Internet Porn is not that Big of a Deal-a Man's Perspective
Today, when it comes to matters of sex and sexuality, you’d be forgiven for thinking that we men really are from Mars and women from Venus. In the past decade, doctors, psychiatrists, sociologists and writers across all manner of fields have been churning out study after study on human sexuality. The factors that increase or diminish male and female sexual desire and arousal have come in for particular scrutiny. The general consensus from these studies seems to be that male sexuality is much easier to understand and predict than the factors that affect female sexual arousal, which are much more complicated in comparison. Who knew?
Another conclusion drawn from these innumerable studies is that men’s sexual arousal and orgasm are mainly triggered by visual stimuli, while for women it is again much more complex; anyone notice a pattern emerging here? In other words, what turns men on sexually doesn’t necessarily turn women on, and vice versa. Not exactly groundbreaking. Regardless, assuming we are to take these results seriously, the following question arises: How can adult men and women form long-term relationships and marriages when this sexual chasm exists between them? How can either party ever hope to fulfill the needs and desires of the other?

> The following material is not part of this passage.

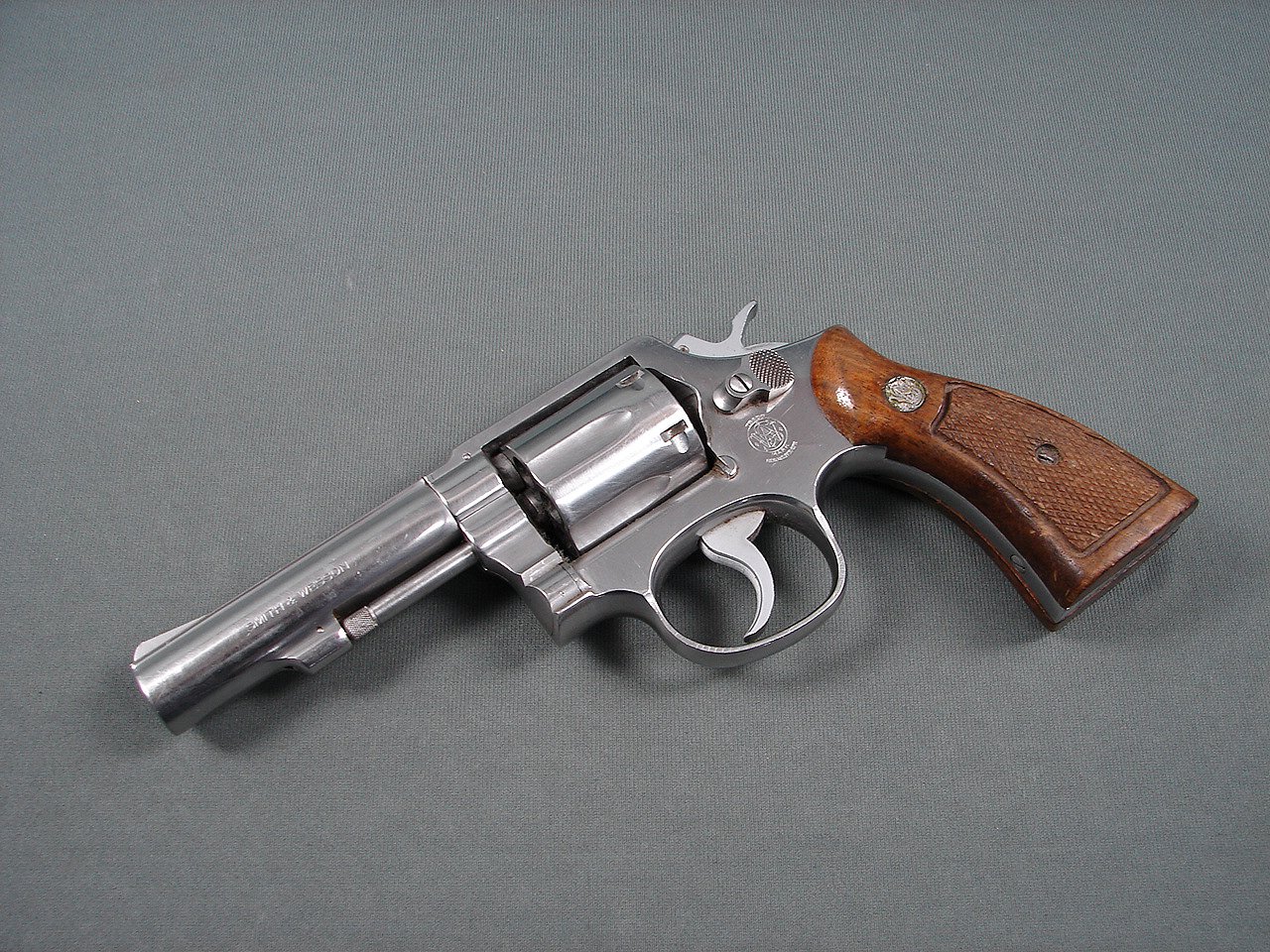 SMITH & WESSON 64-3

When it comes to men’s libido, apparently a picture is really worth a thousand words. Or, to put it bluntly, a picture or a video of a young, naked, sexually uninhibited woman is worth a thousand male orgasms. There is a perception out there that men’s sexual expectations have become twisted and unrealistic because of the undue influence of the media and the Internet, where the majority of women are depicted as young, skinny and buxom. Internet porn takes a large portion of the blame from people that hold this point of view. They claim it is seriously affecting and in many cases destroying intimate, romantic relationships between real men and women.
It all sounds a bit alarmist if you ask me. Were us men averse to scantily-clad young blonds before the advent of the Internet? No, I didn’t think so either. This hasn’t stopped the media jumping on the notion like a porn-hungry male, if you will excuse the simile. For their part, the ever-edgy and provocative New York Magazine put out an issue this year dedicated to the omnipresence of Internet porn. An article titled “He’s Just Not Into Anyone” documents the sexual habits of attached men who preferred the “virtual” company of online sex actresses to that of their girlfriends or spouses. Davy Rothbart, the author of the article, says, “Porn is not only shaping men’s physical and emotional interest in sex on a very fundamental neurological level, but it’s also having a series of unexpected ripple effects—namely on women.”

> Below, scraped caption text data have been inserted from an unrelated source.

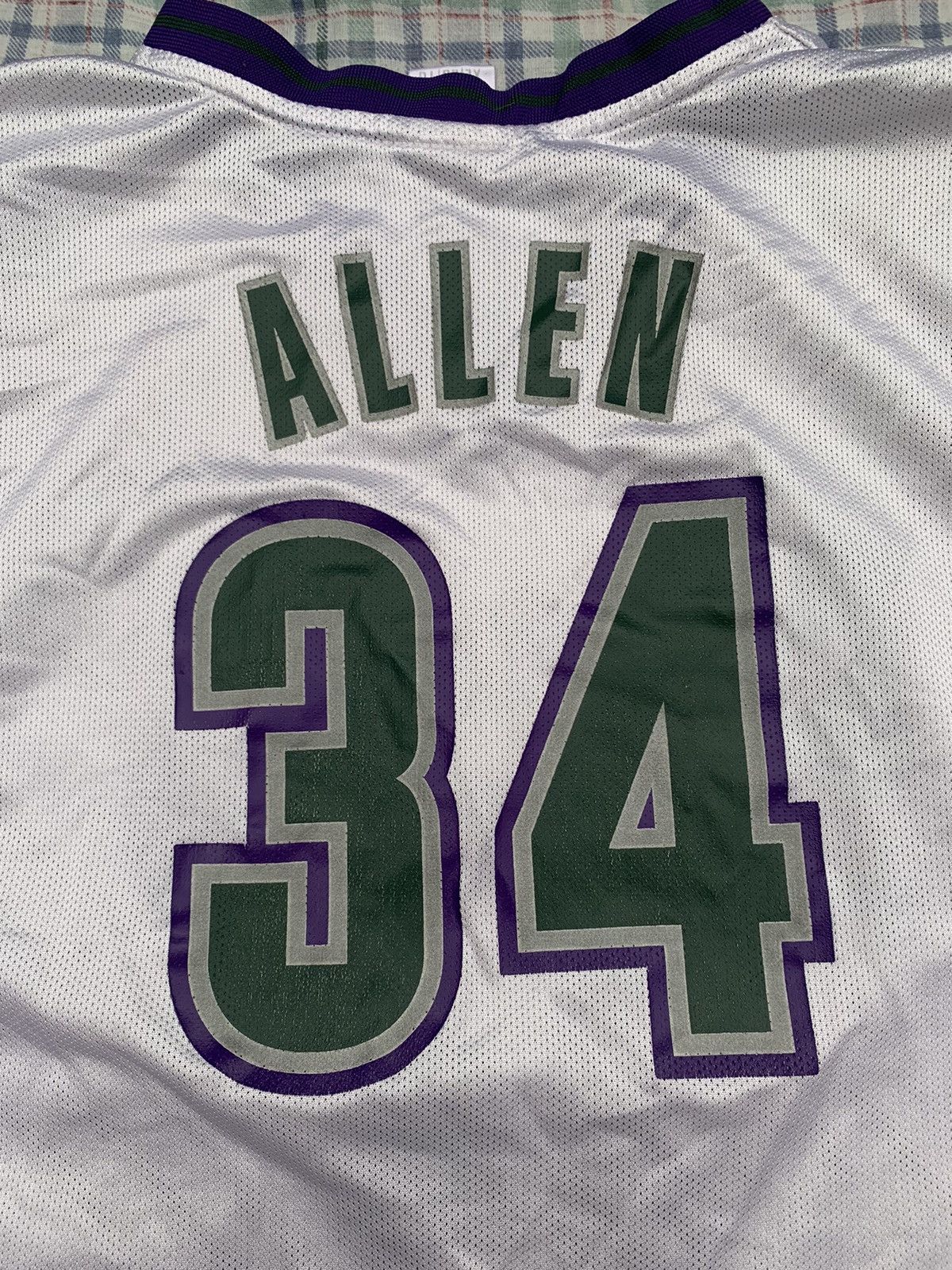 Reebok Reebok Milwaukee Bucks Ray Allen NBA Jersey Size US XL / EU 56 / 4 - 3 Thumbnail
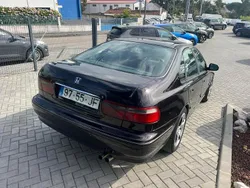Preto Usado 1997 Honda Accord LS Sedan | € 1.500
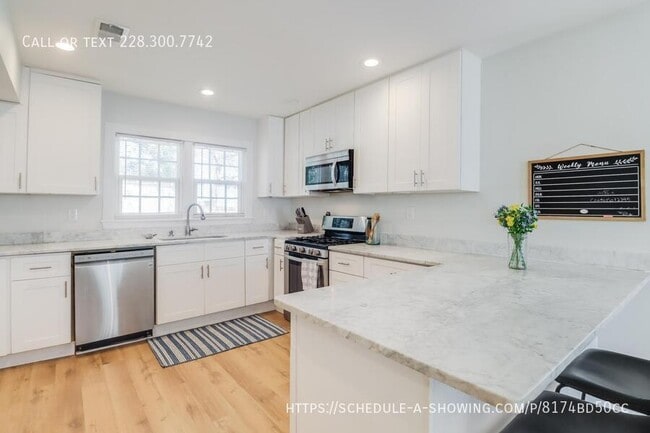 Photo - 187 Bilmarsan Dr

Rothbart quotes Stefan, a 43-year-old composer, who has no problem getting aroused when he has sex with his wife. “In order to reach orgasm, though, I’ve got to resort to playing scenes in my head that I’ve seen while viewing porn… [in them] I’m no longer with my wife; I’m inside my own head.” Another man says that porn actresses appeal to him because “they’re younger, hotter, and wilder in the sack than my wife.” Following on from this Rothbart asks “Is it possible that porn is causing men to detach from their partners in more profound ways?”
Well, Mr. Rothbart, perhaps in the case of the men you interviewed, yes, but this is a classic case of selection bias. Rothbart states himself that he interviewed men with “porn habits,” so of course their views are going to give a screwed-up depiction of things. If you are watching enough porn to the point that you have to classify it as a habit – like drinking, smoking, drugs – then you certainly aren’t representative of the average, normal male in my opinion.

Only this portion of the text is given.